Action Oriented vs Object Oriented
- Distribute system intelligence horizontally as uniformly as possible, that is, the top-level classes in a design should share the work uniformly.
- Do not create god classes/objects in your system. Be very suspicious of a class whose name contains Driver, Manager, System, or Subsystem.
- Beware of classes that have many accessor methods defined in their public interface. Having many implies that related data and behavior are not being kept in one place.
- Beware of classes that have too much noncommunicating behavior, that is, methods that operate on a proper subset of the data members of a class. God classes often exhibit a great deal of noncommunicating behavior.
- In applications that consist of an object-oriented model interacting with a user interface, the model should never be dependent on the interface. The interface should be dependent on the model.
- Model the real world whenever possible. (This heuristic is often violated for reasons of system intelligence distribution, avoidance of god classes, and the keeping of related data and behavior in one place.)

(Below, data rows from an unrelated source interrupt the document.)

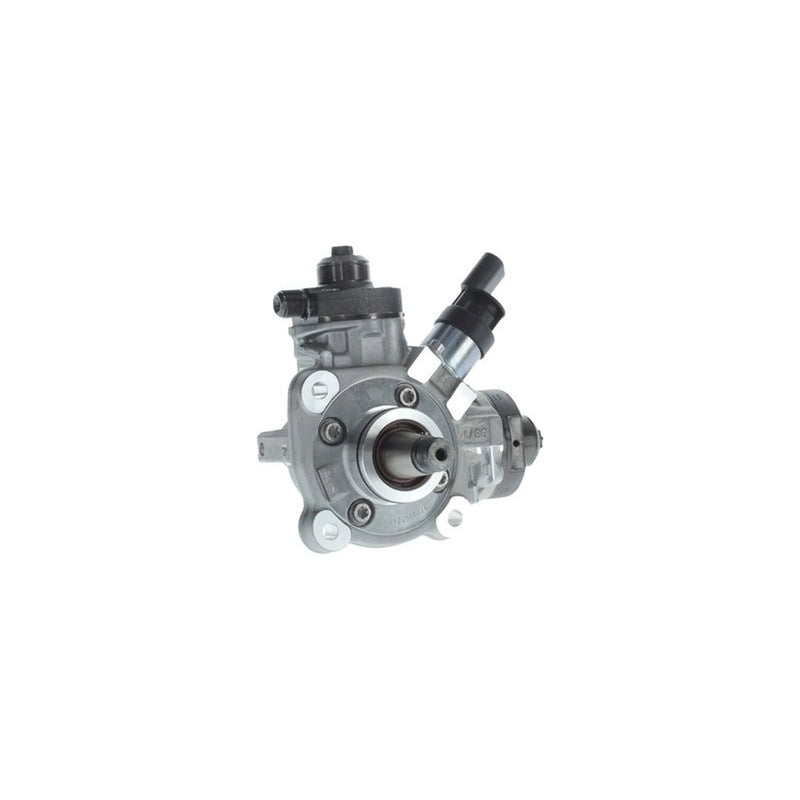 Bosch High Pressure Fuel Pump 0 445 010 830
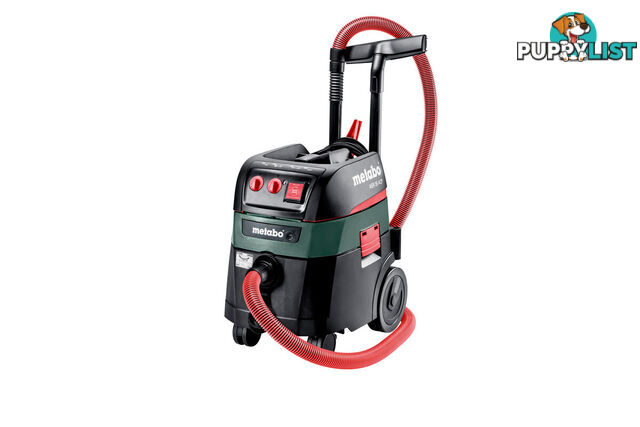 All Purpose Vacuum Cleaner ASR 35 M ACP Metabo 602058190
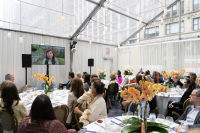Audubon Women In Conservation Luncheon 2023 #71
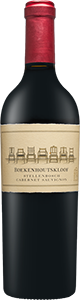 Image for Cabernet Sauvignon Stellenbosch, Boekenhoutskloof 2023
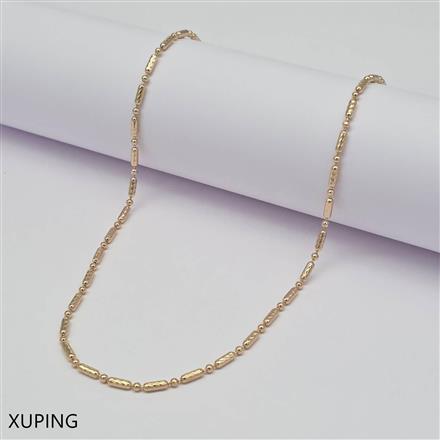 Western Xuping Chain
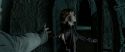 RdM2-Potterish_06081.jpg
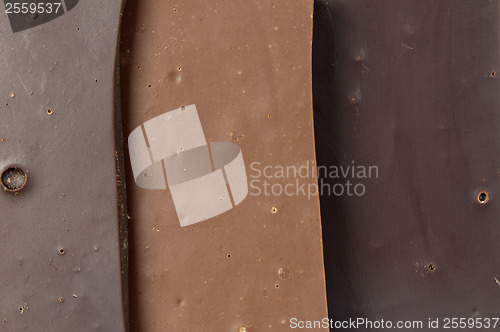 Image of Chocolate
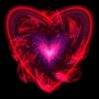 amour
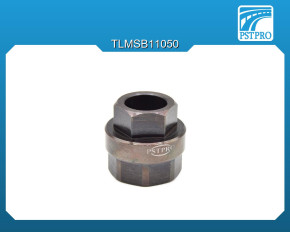 Ключ для монтажа/демонтажа втулки Chery Kimo (A1_) 2008-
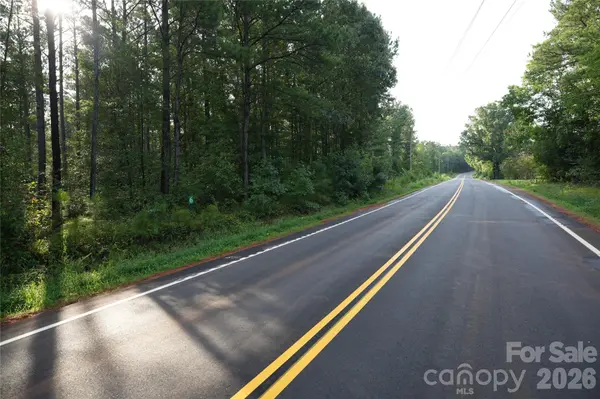 00 Bobby Faucette RD #6, Jonesville, SC 29353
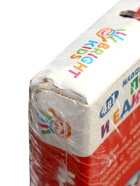 УЦЕНКА ПАЗЛ НАПОЛЬНЫЙ 4в1. «Пони и единороги» П-0494 10983576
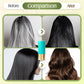 Instant Gray Hair Touch-Up Pen
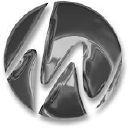 Mediaworks Marketing Inc Logo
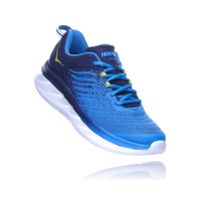 Hoka Akasa Road Running Shoes - Men's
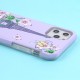 Чехол ТПУ для iPhone 11 Pro, арт.011604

- Eliminate irrelevant classes from your design. Heuristic 3.8 Eliminate classes that are outside the system.
- Do not turn an operation into a class. Be suspicious of any class whose name is a verb or is derived from a verb, especially those that have only one piece of meaningful behavior (i.e., do not count sets, gets, and prints). Ask if that piece of meaningful behavior needs to be migrated to some existing or undiscovered class.
- Agent classes are often placed in the analysis model of an application. During design time, many agents are found to be irrelevant and should be removed.